Türban ve taksimetre
Geçen gün Radikal gazetesi yazarı Hakkı Devrim saymış. Aynı gün, tam 70 köşe yazarı "türban" konusunda yazmış...
Geçen gün Radikal gazetesi yazarı Hakkı Devrim saymış. Aynı gün, tam 70 köşe yazarı "türban" konusunda yazmış. Ben de, tam bu nedenle, "ben yazsam ne olur yazmasam ne olur?" diye düşünüyordum. Ama dostlarım, arkadaşlarım, "sen de yaz" diye "mahalle baskısı" yapıyorlar.
Doğrusu ne yazacağımı da iyi bilmiyorum. Bir yandan, "masumiyetlerine" şiddetle inanmak istediğim genç kızlar, bir yandan şu "baş örtmeyi" Cumhuriyet rejimi ile "hesaplaşma" olarak gören "dinci eylemciler." En iyisi size birkaç olay anlatayım.
Üniversitelerde türbanın serbest olduğu zamanlarda, K.Maraş'ta oturan halamın oğlu, kızını A.Ü Eğitim Fakültesi'ne kaydolmaya getirdi. Akşam vakti kapıdan içeriye, halamın oğlu ve eşi ile birlikte, kızıl saçları beline kadar inen, ufak-tefek, yeşil gözlü, dünya güzeli bir "Türkmen kızı" girdi. Bayıldım saçlarına, övgüler dizdim.
Çocuk fakülteye başladı. Yurtta kalıyordu. Hafta sonları ablamın Bahçelievler'deki evine "evci" çıkıyordu. Bir süre sonra ablam beni arayıp "Uğur, bu kız türban takmaya başladı. Bize gelirken köşeye kadar türbanla geliyor, orada çıkarıp eve öyle giriyor" dedi.
Hemen babasını aradım. "Sen mi kapattırıyorsun?" dedim. "Yok vallahi Uğur; okuldaki Maraş'lı erkek öğrenciler baskı yapıyorlarmış; ondan takıyor" dedi. Neyse yargı kararları çıktı; Yeğenimin kırmızı bir şelaleye benzer saçları özgürlüğüne kavuştu. Okulu bitirdi. Bir sınıf arkadaşı ile evlendi. Şimdi Anadolu'da öğretmenlik yapıyor.

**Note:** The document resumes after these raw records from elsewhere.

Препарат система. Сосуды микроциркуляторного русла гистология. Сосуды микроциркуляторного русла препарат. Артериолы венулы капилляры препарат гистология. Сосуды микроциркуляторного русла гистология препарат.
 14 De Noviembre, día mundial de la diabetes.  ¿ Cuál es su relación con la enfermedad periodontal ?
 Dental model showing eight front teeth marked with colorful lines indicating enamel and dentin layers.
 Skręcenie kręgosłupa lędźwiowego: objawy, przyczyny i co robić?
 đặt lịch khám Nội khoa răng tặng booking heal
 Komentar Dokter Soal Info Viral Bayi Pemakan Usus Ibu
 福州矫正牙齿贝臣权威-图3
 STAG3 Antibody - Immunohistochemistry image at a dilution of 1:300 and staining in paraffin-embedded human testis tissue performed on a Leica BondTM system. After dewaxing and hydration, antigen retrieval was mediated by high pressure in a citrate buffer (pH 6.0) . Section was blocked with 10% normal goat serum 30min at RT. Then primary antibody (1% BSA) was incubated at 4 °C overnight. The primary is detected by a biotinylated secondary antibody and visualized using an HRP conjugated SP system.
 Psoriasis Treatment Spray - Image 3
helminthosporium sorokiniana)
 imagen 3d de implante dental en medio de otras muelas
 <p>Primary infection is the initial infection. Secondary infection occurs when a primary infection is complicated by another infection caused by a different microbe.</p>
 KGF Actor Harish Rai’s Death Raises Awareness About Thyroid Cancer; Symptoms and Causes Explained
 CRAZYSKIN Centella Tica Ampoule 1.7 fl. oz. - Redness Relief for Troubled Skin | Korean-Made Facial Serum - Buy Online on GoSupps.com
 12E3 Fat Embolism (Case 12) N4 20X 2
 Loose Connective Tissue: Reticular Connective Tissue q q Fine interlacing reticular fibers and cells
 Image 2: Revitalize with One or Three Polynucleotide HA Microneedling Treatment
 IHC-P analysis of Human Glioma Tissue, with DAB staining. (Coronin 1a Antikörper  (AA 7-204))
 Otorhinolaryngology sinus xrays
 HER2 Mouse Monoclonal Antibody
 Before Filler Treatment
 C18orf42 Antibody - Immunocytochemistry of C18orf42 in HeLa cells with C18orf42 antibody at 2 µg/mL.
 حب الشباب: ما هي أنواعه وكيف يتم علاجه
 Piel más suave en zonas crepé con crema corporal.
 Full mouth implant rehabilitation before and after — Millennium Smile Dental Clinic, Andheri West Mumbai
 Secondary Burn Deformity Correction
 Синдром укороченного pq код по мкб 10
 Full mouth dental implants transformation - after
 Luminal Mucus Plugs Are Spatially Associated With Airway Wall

Tabii ki bir üniversite öğrencisinin kılığına-kıyafetine, saçına-sakalına karışılması ağırıma gidiyor. Ama sevgili sınıf arkadaşım Prof. Dr. Rengin Erdal'ın, Samsun'da Hemşirelik Yüksek Okulu yöneticisi iken anlattıkları da hiç aklımdan çıkmıyor: "Hemşirelik öğrencisi, steteskopu (doktorların dinleme aleti) türbanın üzerinden kulaklarına takıyor; hastanın tansiyonunu öyle ölçüyor. Böyle tansiyon ölçülemez; dinleme aletini kulağına yerleştirmelisin, diyorum", "dini inancım böyle gerektiriyor" diye yanıtlıyor."
Şimdi ne yapacaksınız? Ben hocası olsam o öğrenciyi asla mezun etmem. 0 çocuk bu mesleği yapmak istemiyor demektir. Tıpkı "ben erkek hastaya bakmam" diyen türbanlı doktorlar gibi.
Kızlarımızı, sırf kendilerinin siyasal çıkarları uğruna, seviyesiz bir oyunun piyonları haline getiren "erkek milletine" lanet olsun. Bu oyunun sonu nereye varır bilmiyorum. Ama toplumumuzu, türban yasağı kalksa da kalkmasa da, tatsız günlerin, gergin zamanların, tedirgin beklentilerin beklediğine eminim.
12 Eylül öncesinde, taksi şoförleri ile yolcular arasında, fiyat meselesinden kaynaklanan gerilimler had safhadaydı. Gazetelerin üçüncü sayfaları, şoför-yolcu vukuatları ile doluydu.
12 Eylül sonrasında, üstat Aziz Nesin bir konuşmasında: "Bazen bu 12 Eylül darbesi hiç iyi bir şey getirmedi mi diye düşünüyorum. Getirdi tabii; taksilere taksimetre koydular. Ama taksimetre koymak için de ihtilal yapılmaz ki kardeşim" demişti.
Şimdi ben de bu "türban" meselesi çözülsün istiyorum. Ama hem yeğenimin, kıpkırmızı, dalgalı, gümrah saçlarına kıyılmasın, hem de darbe-marbe olmasın istiyorum. Hem, "bir türban için ihtilal olur mu kardeşim?"